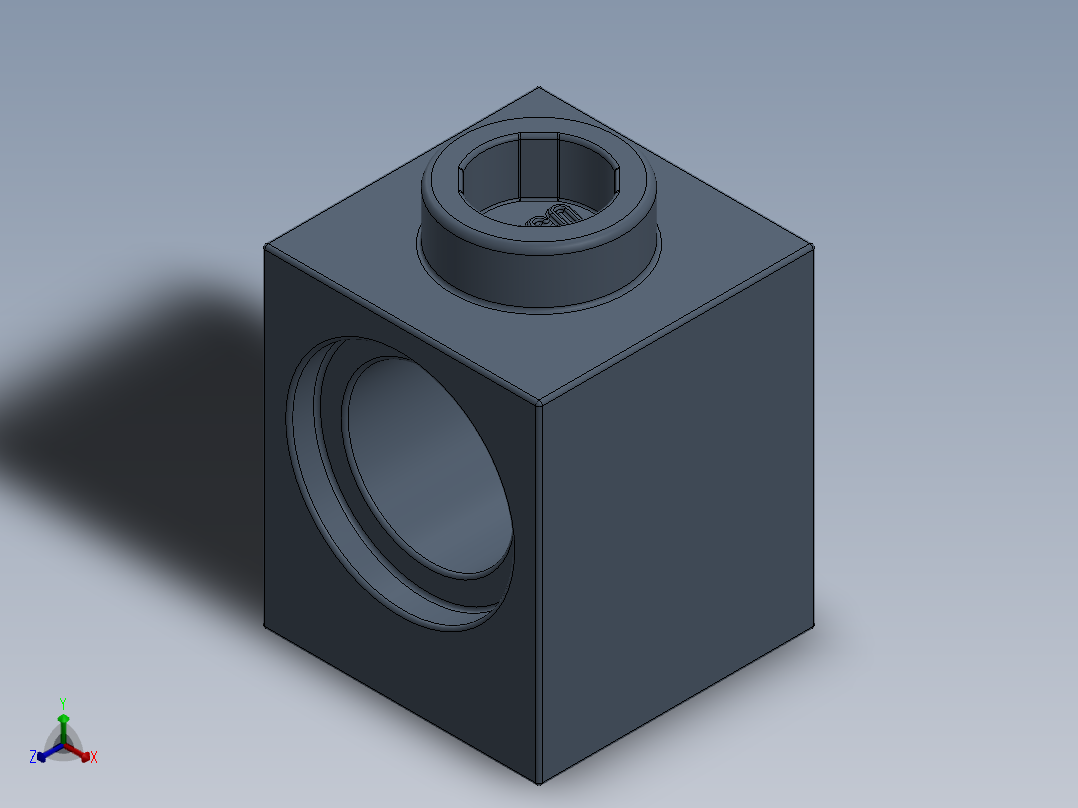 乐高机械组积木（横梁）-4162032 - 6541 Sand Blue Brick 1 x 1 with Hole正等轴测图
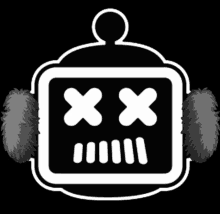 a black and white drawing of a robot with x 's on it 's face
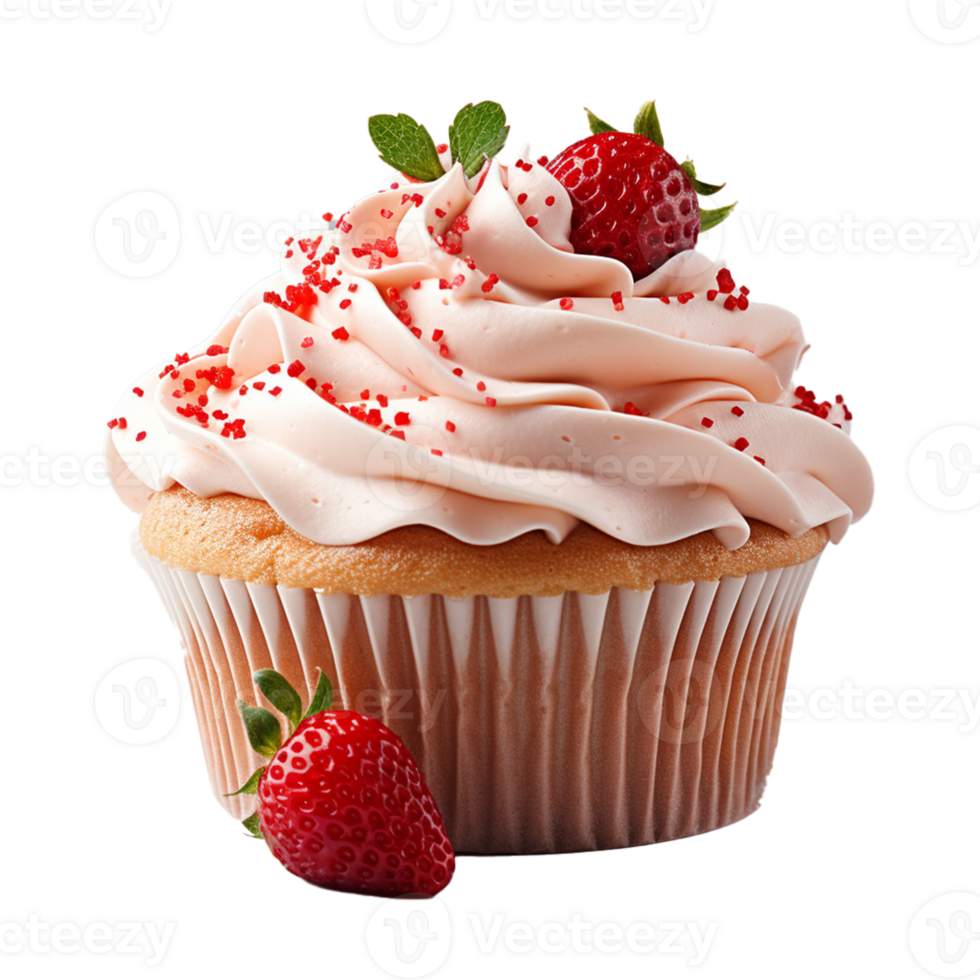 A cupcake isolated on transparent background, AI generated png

What is required:
Please return the full listing exactly as given, with the images left out.

Solution to the problem:
 乐高机械组积木（横梁）-4162032 - 6541 Sand Blue Brick 1 x 1 with Hole正等轴测图
 a black and white drawing of a robot with x 's on it 's face
 A cupcake isolated on transparent background, AI generated png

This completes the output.